- **DATA IN THIS EXERCISE**:
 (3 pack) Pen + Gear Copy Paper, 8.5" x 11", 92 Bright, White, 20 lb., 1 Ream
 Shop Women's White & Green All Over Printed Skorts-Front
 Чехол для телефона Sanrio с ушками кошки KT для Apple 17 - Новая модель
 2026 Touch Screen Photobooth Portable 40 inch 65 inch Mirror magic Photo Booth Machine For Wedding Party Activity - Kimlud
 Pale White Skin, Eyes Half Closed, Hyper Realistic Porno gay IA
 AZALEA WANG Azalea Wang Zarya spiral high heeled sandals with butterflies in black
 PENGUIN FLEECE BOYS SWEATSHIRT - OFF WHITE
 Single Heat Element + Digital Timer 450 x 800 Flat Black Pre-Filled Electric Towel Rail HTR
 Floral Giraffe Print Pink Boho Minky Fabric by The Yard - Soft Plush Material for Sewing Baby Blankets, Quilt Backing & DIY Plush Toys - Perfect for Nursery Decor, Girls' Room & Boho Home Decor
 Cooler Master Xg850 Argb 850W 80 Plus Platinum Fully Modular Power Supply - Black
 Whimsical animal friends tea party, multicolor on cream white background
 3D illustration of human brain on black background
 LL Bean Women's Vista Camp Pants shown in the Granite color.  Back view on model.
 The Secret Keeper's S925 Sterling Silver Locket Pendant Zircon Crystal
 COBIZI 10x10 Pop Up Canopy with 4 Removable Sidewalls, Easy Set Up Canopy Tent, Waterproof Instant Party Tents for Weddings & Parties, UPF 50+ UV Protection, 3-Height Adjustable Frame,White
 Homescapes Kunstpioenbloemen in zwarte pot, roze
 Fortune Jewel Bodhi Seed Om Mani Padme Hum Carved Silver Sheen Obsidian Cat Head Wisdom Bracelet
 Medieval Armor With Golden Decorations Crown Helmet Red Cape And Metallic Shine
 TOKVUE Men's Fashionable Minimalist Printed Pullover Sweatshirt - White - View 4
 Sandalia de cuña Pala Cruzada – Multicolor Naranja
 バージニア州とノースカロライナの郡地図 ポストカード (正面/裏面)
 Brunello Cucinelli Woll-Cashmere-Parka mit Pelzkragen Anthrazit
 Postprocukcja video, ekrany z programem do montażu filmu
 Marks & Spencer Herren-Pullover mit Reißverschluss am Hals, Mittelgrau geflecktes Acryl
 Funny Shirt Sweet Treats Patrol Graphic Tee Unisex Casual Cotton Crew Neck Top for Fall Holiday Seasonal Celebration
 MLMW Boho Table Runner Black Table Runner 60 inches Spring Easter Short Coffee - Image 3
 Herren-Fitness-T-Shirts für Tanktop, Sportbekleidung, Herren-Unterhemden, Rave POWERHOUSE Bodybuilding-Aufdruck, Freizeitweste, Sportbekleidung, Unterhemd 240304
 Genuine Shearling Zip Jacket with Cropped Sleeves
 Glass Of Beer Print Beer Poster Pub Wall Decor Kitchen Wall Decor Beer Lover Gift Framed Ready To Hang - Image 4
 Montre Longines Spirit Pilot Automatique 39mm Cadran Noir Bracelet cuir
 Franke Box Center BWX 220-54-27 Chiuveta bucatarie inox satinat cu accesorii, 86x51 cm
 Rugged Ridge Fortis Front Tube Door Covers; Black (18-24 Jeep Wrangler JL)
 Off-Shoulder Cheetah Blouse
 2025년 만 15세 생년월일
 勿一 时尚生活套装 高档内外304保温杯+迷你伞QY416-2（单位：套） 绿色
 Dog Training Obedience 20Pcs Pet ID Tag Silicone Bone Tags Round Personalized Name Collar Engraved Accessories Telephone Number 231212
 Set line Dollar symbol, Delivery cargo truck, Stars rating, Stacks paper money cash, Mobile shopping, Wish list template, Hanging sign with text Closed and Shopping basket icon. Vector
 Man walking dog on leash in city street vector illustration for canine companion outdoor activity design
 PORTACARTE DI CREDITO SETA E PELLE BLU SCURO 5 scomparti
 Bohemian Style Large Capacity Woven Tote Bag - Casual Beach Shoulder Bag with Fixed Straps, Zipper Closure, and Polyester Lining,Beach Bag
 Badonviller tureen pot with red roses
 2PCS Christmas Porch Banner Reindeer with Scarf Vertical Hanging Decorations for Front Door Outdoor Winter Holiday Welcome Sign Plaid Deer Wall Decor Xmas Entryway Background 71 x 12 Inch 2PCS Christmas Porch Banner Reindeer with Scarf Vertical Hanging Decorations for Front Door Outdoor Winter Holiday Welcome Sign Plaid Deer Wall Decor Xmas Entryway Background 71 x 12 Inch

- **WHAT TO PRODUCE**: What is needed is an exact copy of all the records above.

- **COMPLETED TASK**:
 (3 pack) Pen + Gear Copy Paper, 8.5" x 11", 92 Bright, White, 20 lb., 1 Ream
 Shop Women's White & Green All Over Printed Skorts-Front
 Чехол для телефона Sanrio с ушками кошки KT для Apple 17 - Новая модель
 2026 Touch Screen Photobooth Portable 40 inch 65 inch Mirror magic Photo Booth Machine For Wedding Party Activity - Kimlud
 Pale White Skin, Eyes Half Closed, Hyper Realistic Porno gay IA
 AZALEA WANG Azalea Wang Zarya spiral high heeled sandals with butterflies in black
 PENGUIN FLEECE BOYS SWEATSHIRT - OFF WHITE
 Single Heat Element + Digital Timer 450 x 800 Flat Black Pre-Filled Electric Towel Rail HTR
 Floral Giraffe Print Pink Boho Minky Fabric by The Yard - Soft Plush Material for Sewing Baby Blankets, Quilt Backing & DIY Plush Toys - Perfect for Nursery Decor, Girls' Room & Boho Home Decor
 Cooler Master Xg850 Argb 850W 80 Plus Platinum Fully Modular Power Supply - Black
 Whimsical animal friends tea party, multicolor on cream white background
 3D illustration of human brain on black background
 LL Bean Women's Vista Camp Pants shown in the Granite color.  Back view on model.
 The Secret Keeper's S925 Sterling Silver Locket Pendant Zircon Crystal
 COBIZI 10x10 Pop Up Canopy with 4 Removable Sidewalls, Easy Set Up Canopy Tent, Waterproof Instant Party Tents for Weddings & Parties, UPF 50+ UV Protection, 3-Height Adjustable Frame,White
 Homescapes Kunstpioenbloemen in zwarte pot, roze
 Fortune Jewel Bodhi Seed Om Mani Padme Hum Carved Silver Sheen Obsidian Cat Head Wisdom Bracelet
 Medieval Armor With Golden Decorations Crown Helmet Red Cape And Metallic Shine
 TOKVUE Men's Fashionable Minimalist Printed Pullover Sweatshirt - White - View 4
 Sandalia de cuña Pala Cruzada – Multicolor Naranja
 バージニア州とノースカロライナの郡地図 ポストカード (正面/裏面)
 Brunello Cucinelli Woll-Cashmere-Parka mit Pelzkragen Anthrazit
 Postprocukcja video, ekrany z programem do montażu filmu
 Marks & Spencer Herren-Pullover mit Reißverschluss am Hals, Mittelgrau geflecktes Acryl
 Funny Shirt Sweet Treats Patrol Graphic Tee Unisex Casual Cotton Crew Neck Top for Fall Holiday Seasonal Celebration
 MLMW Boho Table Runner Black Table Runner 60 inches Spring Easter Short Coffee - Image 3
 Herren-Fitness-T-Shirts für Tanktop, Sportbekleidung, Herren-Unterhemden, Rave POWERHOUSE Bodybuilding-Aufdruck, Freizeitweste, Sportbekleidung, Unterhemd 240304
 Genuine Shearling Zip Jacket with Cropped Sleeves
 Glass Of Beer Print Beer Poster Pub Wall Decor Kitchen Wall Decor Beer Lover Gift Framed Ready To Hang - Image 4
 Montre Longines Spirit Pilot Automatique 39mm Cadran Noir Bracelet cuir
 Franke Box Center BWX 220-54-27 Chiuveta bucatarie inox satinat cu accesorii, 86x51 cm
 Rugged Ridge Fortis Front Tube Door Covers; Black (18-24 Jeep Wrangler JL)
 Off-Shoulder Cheetah Blouse
 2025년 만 15세 생년월일
 勿一 时尚生活套装 高档内外304保温杯+迷你伞QY416-2（单位：套） 绿色
 Dog Training Obedience 20Pcs Pet ID Tag Silicone Bone Tags Round Personalized Name Collar Engraved Accessories Telephone Number 231212
 Set line Dollar symbol, Delivery cargo truck, Stars rating, Stacks paper money cash, Mobile shopping, Wish list template, Hanging sign with text Closed and Shopping basket icon. Vector
 Man walking dog on leash in city street vector illustration for canine companion outdoor activity design
 PORTACARTE DI CREDITO SETA E PELLE BLU SCURO 5 scomparti
 Bohemian Style Large Capacity Woven Tote Bag - Casual Beach Shoulder Bag with Fixed Straps, Zipper Closure, and Polyester Lining,Beach Bag
 Badonviller tureen pot with red roses
 2PCS Christmas Porch Banner Reindeer with Scarf Vertical Hanging Decorations for Front Door Outdoor Winter Holiday Welcome Sign Plaid Deer Wall Decor Xmas Entryway Background 71 x 12 Inch 2PCS Christmas Porch Banner Reindeer with Scarf Vertical Hanging Decorations for Front Door Outdoor Winter Holiday Welcome Sign Plaid Deer Wall Decor Xmas Entryway Background 71 x 12 Inch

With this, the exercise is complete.